The Court of Appeal has handed down a judgment which should warn those engaged in legal disputes that the ‘loser pays costs’ rule in litigation is not a hard and fast one and that if the winner unreasonably refuses to mediate, they may end up carrying their own costs.



The case involved a dispute between a landlord and tenant over what proportion the tenant should pay of the dilapidations costs claimed by the landlord under the lease after the tenant had vacated the premises.



The tenant had refused to mediate the claim. In the judge’s words, the ‘serious and carefully formulated written invitation by the claimant’s solicitors to participate in mediation was met with complete silence by the defendant’.

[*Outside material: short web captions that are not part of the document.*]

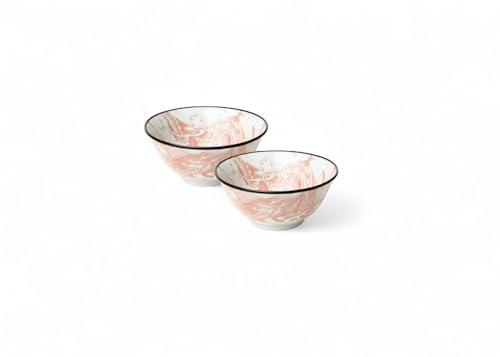 Japan-Bowls ASIATICA | Ramen Bowl Porzellan-Schalen 15 cm | Hochwertige asiatische Schüssel für Reis, Nudeln, Tapas, Udon, Müsli - Suppen-Schale mit japan Designs (2er Set Drachengott - Roter Morgen)
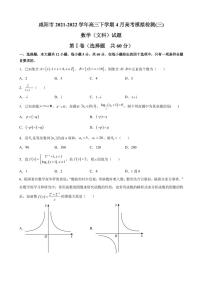2022届陕西省咸阳市高三下学期4月高考模拟检测(三)文科数学试题（PDF版）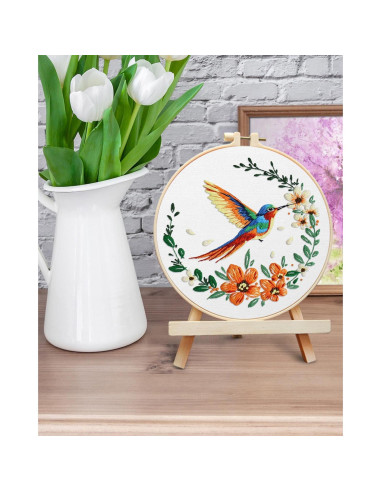 Kit de Bordado ERKOON para Principiantes - Colibrí y Flor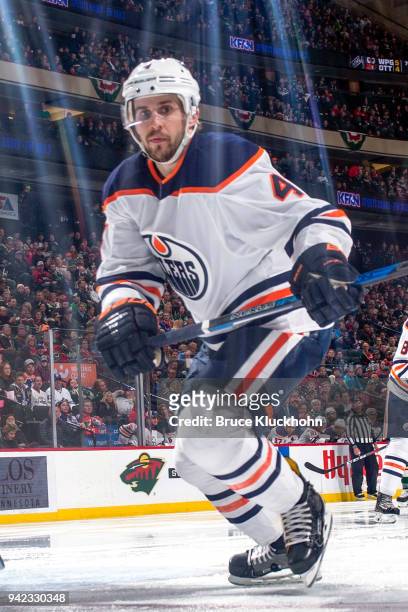 Kris Russell of the Edmonton Oilers skates against the Minnesota Wild during the game at the Xcel Energy Center on April 2, 2018 in St. Paul,...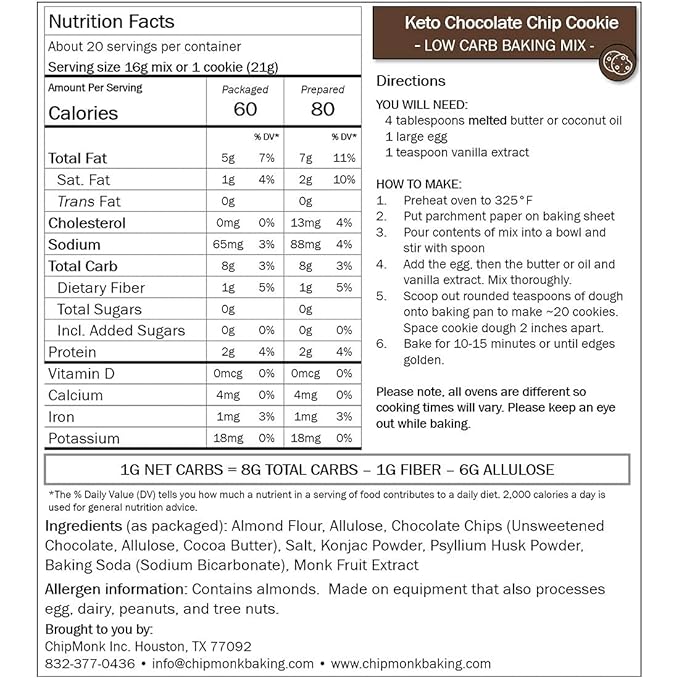 ChipMonk Cookie Mix - Zero or Low Carb Keto Friendly Snacks, Dessert, Cookies, Gluten-Free, High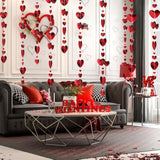 Valentines Hearts Garland No Diy 144 Red Heart Garland Pre-Strung Heart Streamer Banner Heart Banner For Valentine Anniversary Wedding Decorations
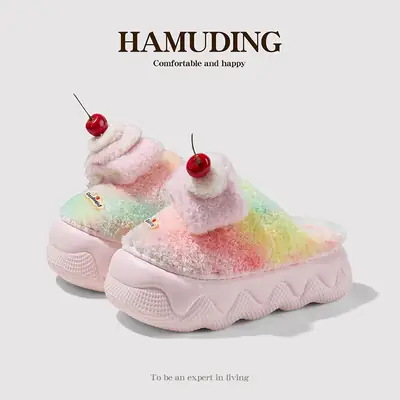 Qidan Shoe Factory Cotton Slippers for Women in Autumn and Winter Cute Home Indoor Thick-Soled Non-Slip Fleece-Lined Warm Furry Slippers for Women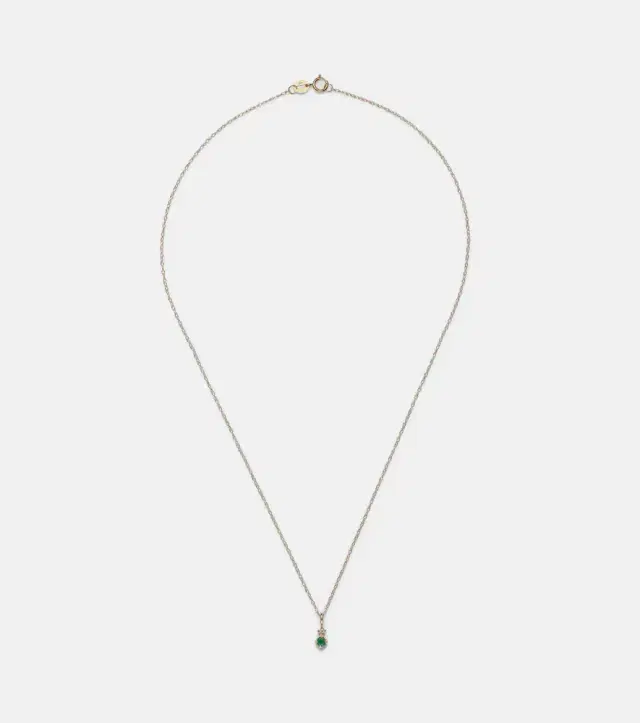 Stone and Strand Tiny Emerald Goddess 14kt gold choker with emeralds and diamonds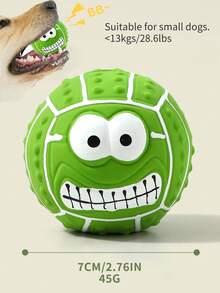 Cartoon Smiling Face Latex Dog Toy Ball, Interactive Chew Toy With Sound, Suitable For Small To Medium Dogs, Keeps Pets Entertained And Trained - Multicolor - View 3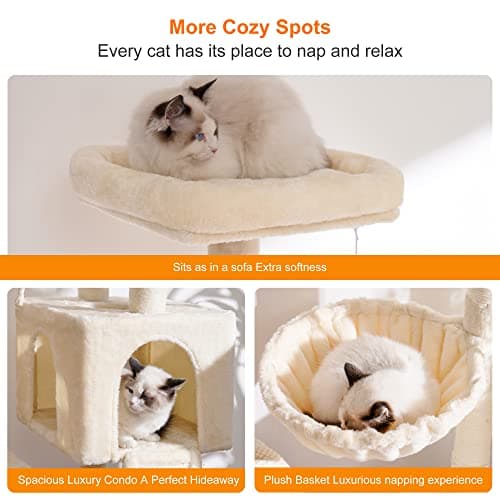 Indoor Cat Tower with Scratching Board and Feeding Bowl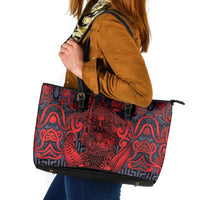 New Zealand Taiaha Maori Leather Tote Bag Whero Minimalist Silver Fern Tukutuku Motif LT9 Red - Polynesian Pride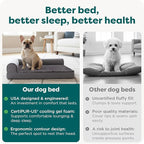FurHaven Cooling Gel Dog Bed for Medium Dogs, L-Shaped Chaise with Cool Gel-Top Foam with a Solid Orthopedic Foam Base for Joint Support, Washable Cover, Medium, Plush & Velvet, Deep Sapphire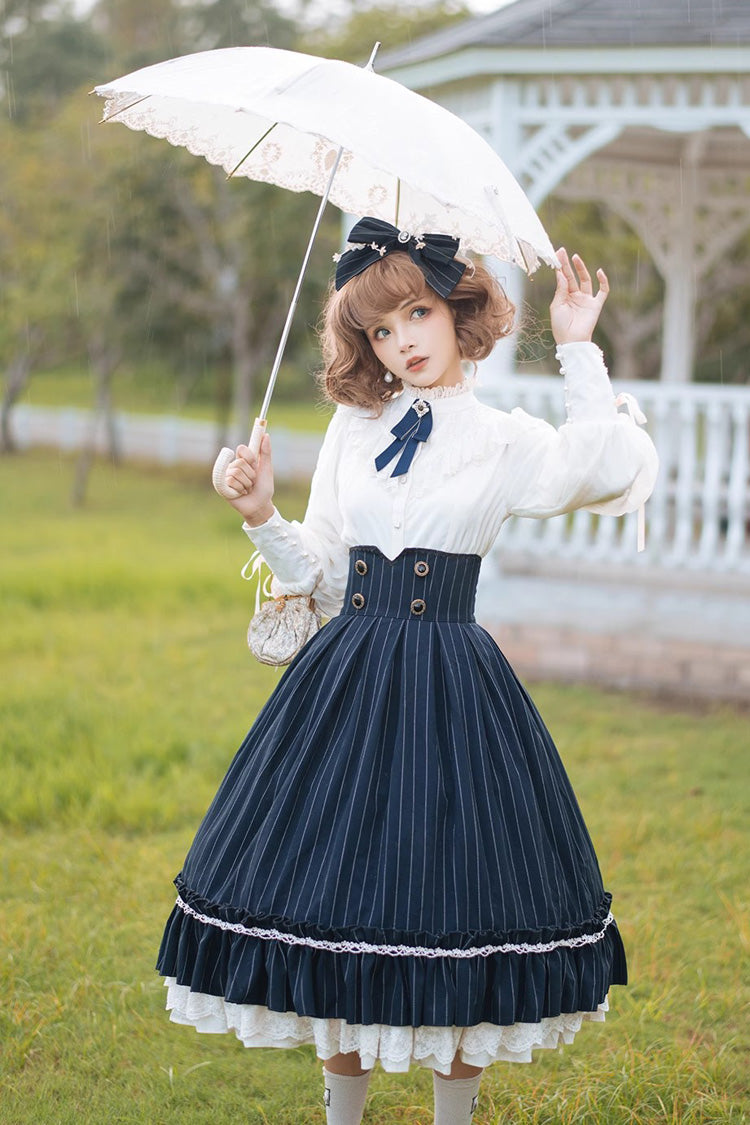 Layered Striped Ruffle Sweet College Elegant Lolita Skirt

The dispute dragged on and on, with offers passing back and forth at intervals, and was eventually settled on the day the court hearing was due to take place, when the landlord accepted an earlier offer made by the tenant in order to save the costs of the trial. During the period between the tenant making the offer and the date of settlement, each side in the dispute had run up legal costs of approximately £250,000.



The question of who carries what legal costs in circumstances such as these can get convoluted. In principle, the tenant’s costs in the latter stages of the dispute should have been met by the landlord. However, the judge refused to order this, holding the tenant’s refusal to engage in the mediation process to be unreasonable. The tenant appealed to the Court of Appeal, but without success.